A trademark application can be filed by a natural or legal person. Power of attorney is required, but can be filed separately. No notarisation or legalisation is required.
Under the Trademark Act, a trademark may consist of any sign that is capable of being represented graphically, particularly words, including personal names, colours, designs, letters, numerals and shapes of goods or their packaging, provided that such sign is capable of distinguishing the goods or services of one undertaking from those of another undertaking.
The following shall not be registered:
- a sign which is not capable of serving as a trademark within the meaning set out above;
- a sign which is devoid of distinctive character;
- a sign which consists exclusively of signs or indications which may serve, in trade, to designate the kind, quality, value, geographical origin or other characteristics of goods and services;
- a sign which consists exclusively of signs or indications which have become customary in language or in good-faith and established trade practices;
- a sign which consists exclusively of the shape which results from the nature of the product;
- a sign which is contrary to public policy or accepted principles of morality, or which contains signs of high symbolic value (mainly religious symbols, badges, emblems and escutcheons other than those mentioned in Article 6ter of the Paris Convention);
- a sign which is of such a nature as to deceive the public as to the nature, quality or georaphical origin of the goods and services; and
- a sign whose use is contrary to other laws or to the obligations of the Czech Republic under international treaties.
Further, a trademark application will be rejected where it is obvious that it was not filed in good faith.
A trademark application can be filed directly by the applicant (if the applicant is a Czech citizen) or by an authorised representative at the Czech Industrial Property Office (CIPO). The application must include:
- the trademark wording or a picture of the mark;
- the name and seat of the applicant;
- the class(es) and list of goods (a multi-class application is possible); and
- a signed power of attorney.
The CIPO first carries out a formal examination to ensure that the application contains all necessary information and that the fees have been paid. It then proceeds to a substantive examination with the objective of finding any priority identical trademarks in the National Trademarks Register, the International Trademarks Register or the Register of Community Trademarks which have been applied for or registered by another party.
Once these procedures are complete, the mark is published in the CzechIndustrial Property Bulletin.
An opposition can be filed within three months of the date of publication. If an opposition is filed, the CIPO sends the opposition to the applicant, which has two months to respond (this period can be extended). The CIPO actively decides after checking the opposition and the applicant’s response, and issues an official decision – usually within eight to 10 months.

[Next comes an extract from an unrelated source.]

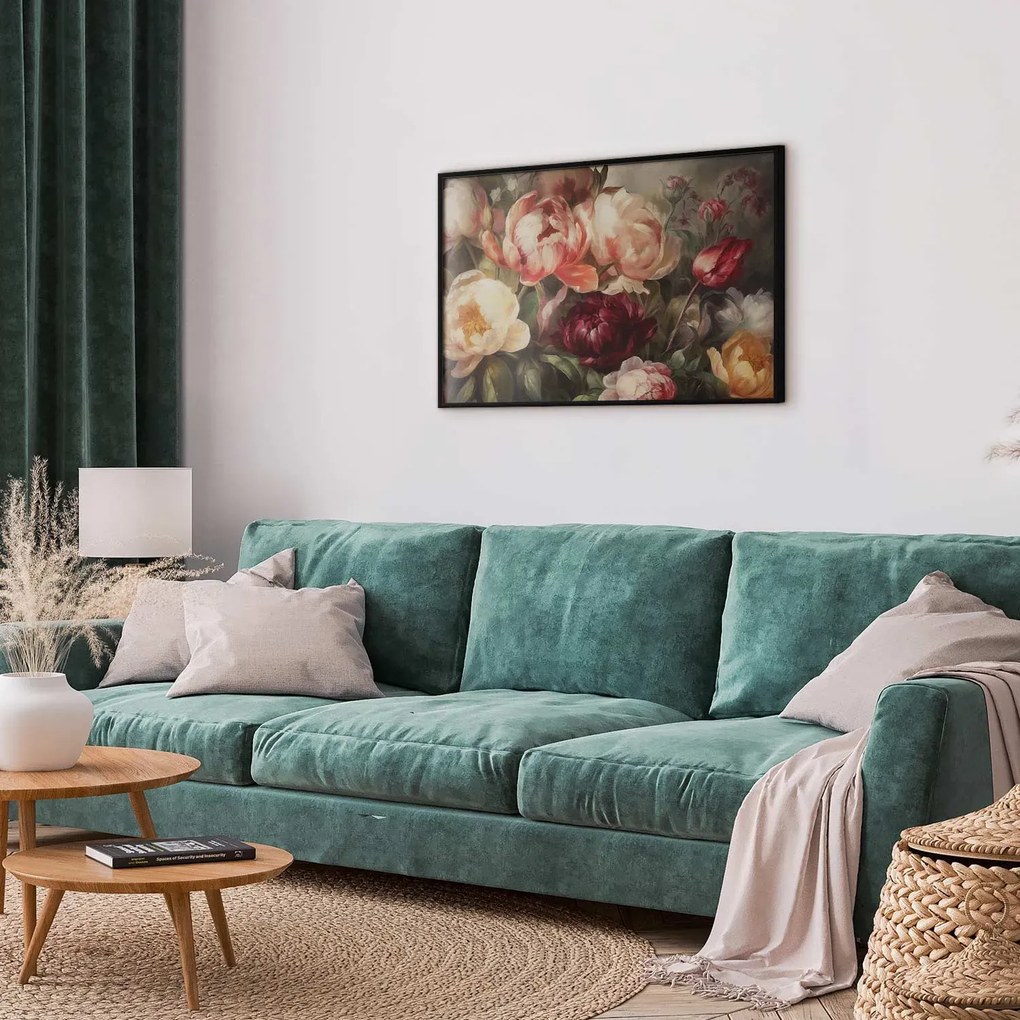Plakat Piwonie 30x21 cm z ramą czarną bez marginesu ARTGEIST B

It is possible to appeal an opposition decision, in which case the CIPO will then issue a final decision.
If no opposition is filed, the CIPO records the trademark in the Trademarks Register and issues a registration certificate. This process takes approximately six months. The trademark is valid for 10 years from the application date.
Removal from register
A trademark application or registration may be affected by certain procedures filed with the CIPO, although each such procedure has a time limit:
- An observation can be filed at any time between the date of application and the date of registration.
- An opposition can be filed within three months of the date of publication.
- A request for invalidity can be filed within five years of the date of registration.
- A request for revocation can be filed at any time once five years have passed since the date of registration.
A special procedure is surrender, which is available only to a rights holder or its representative.
At any time before a trademark is recorded in the register, any person may make observations in writing to the CIPO based on Section 4 or 6 of the Trademark Law (ie, that the mark for which registraton is sought is identical to an earlier trademark owned by a third party or cannot be registered because it is excluded from protection). The CIPO shall consider any such observations in deciding whether to register the trademark.
The CIPO must inform the applicant of the observations and the outcome of its decision, and the applicant may submit any comments on the observations within the period specified by the CIPO. The CIPO shall inform the party that filed the observations of the outcome of its decision.
Observations cannot be filed on the same grounds as an opposition.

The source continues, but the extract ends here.